→ **Task description**: Without pictures, repeat the lines of the entries from the one containing "Apartament cu garaj și boxă-Brad HD - 13" through the last, both ends included, and nothing else.

→ **Data for this exercise**:
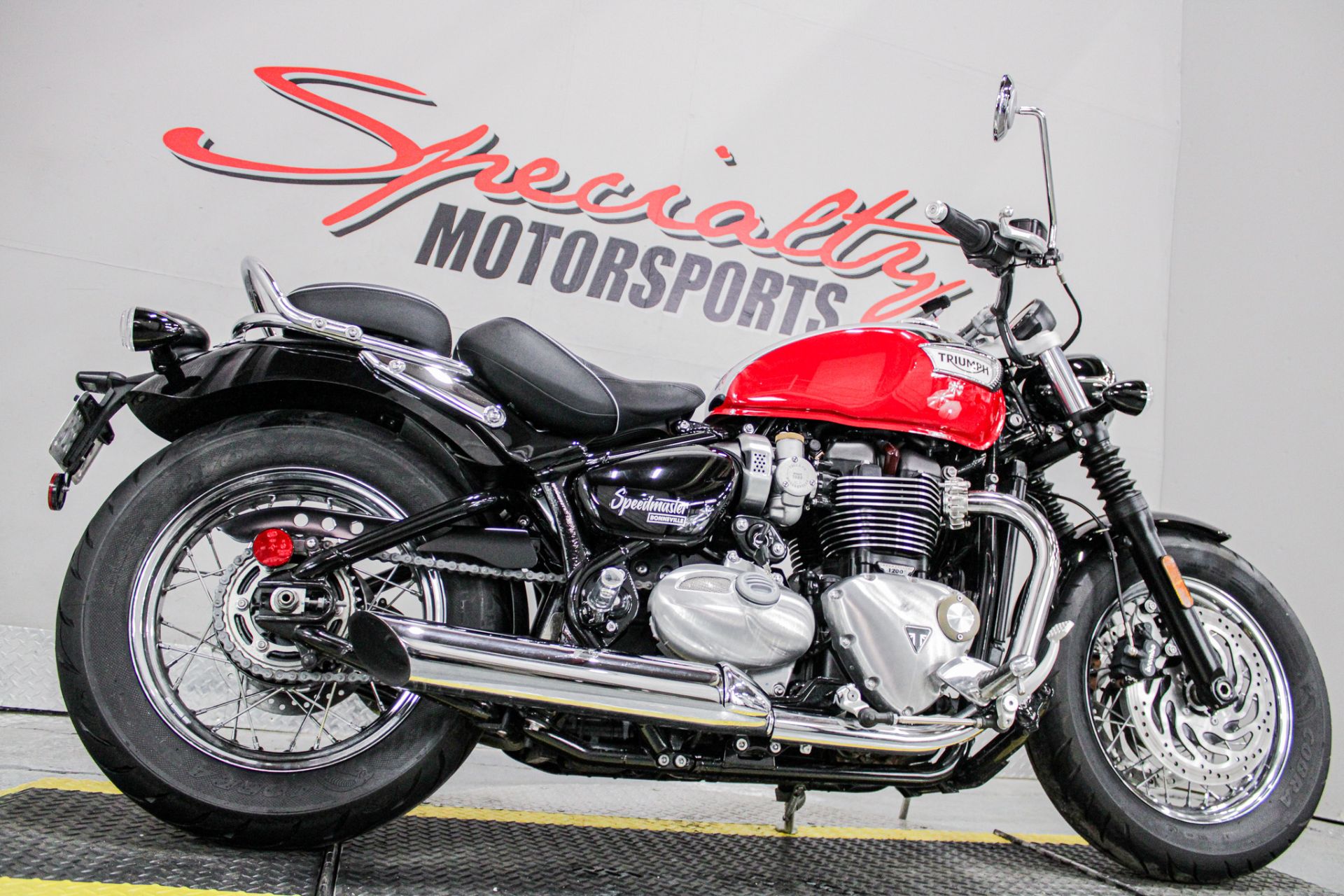 Lower Right Side Angle - Photo 15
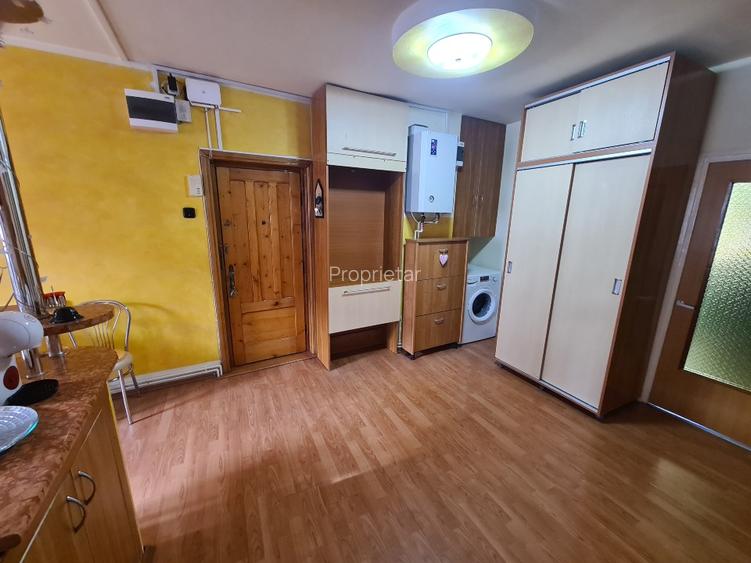 Apartament cu garaj și boxă-Brad HD - 13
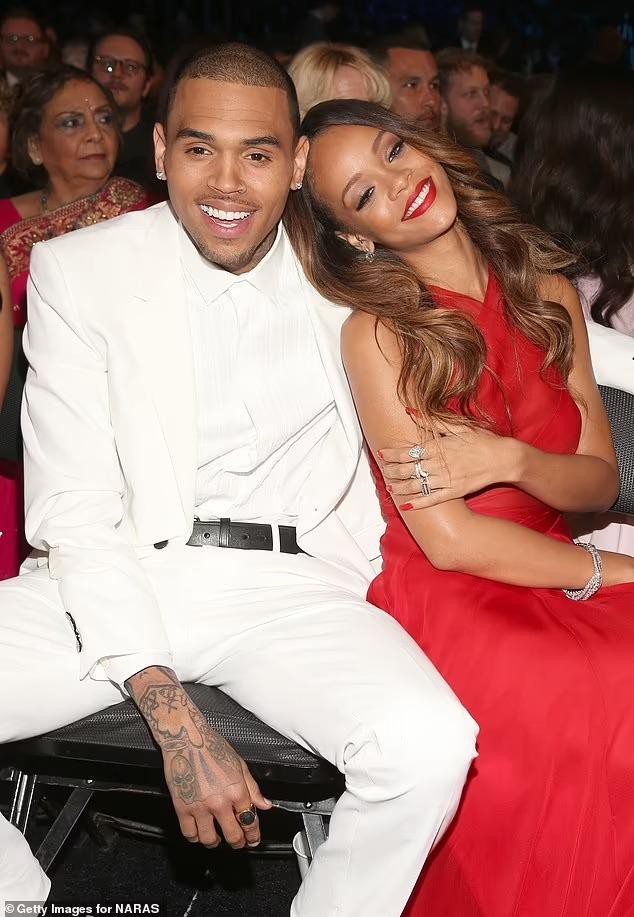 Ca sĩ tỷ phú Rihanna sinh con trai, động thái của tình cũ Chris Brown gây chú ý - Ảnh 5.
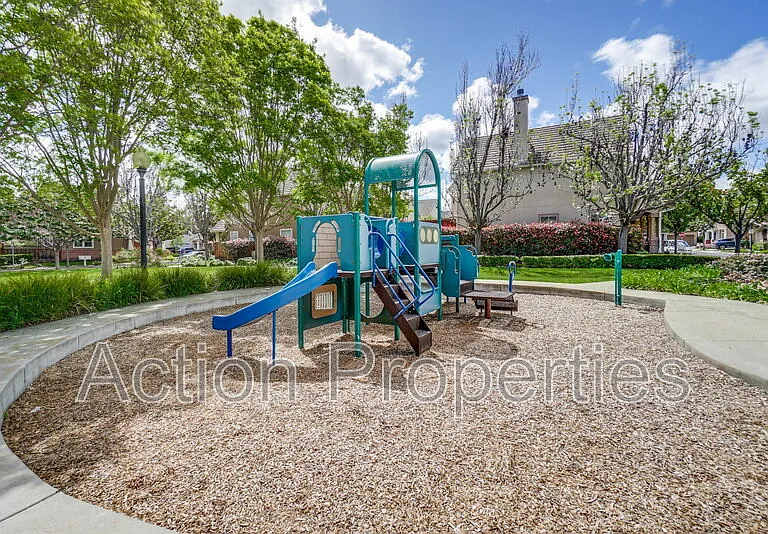 158 Holly Ct — Photo 48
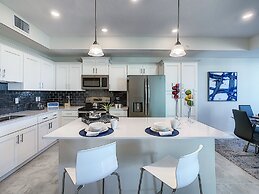 Updated Condo, 5 mi to Disney, On-site Water Park!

→ **Answer to this exercise**:
 Apartament cu garaj și boxă-Brad HD - 13
 Ca sĩ tỷ phú Rihanna sinh con trai, động thái của tình cũ Chris Brown gây chú ý - Ảnh 5.
 158 Holly Ct — Photo 48
 Updated Condo, 5 mi to Disney, On-site Water Park!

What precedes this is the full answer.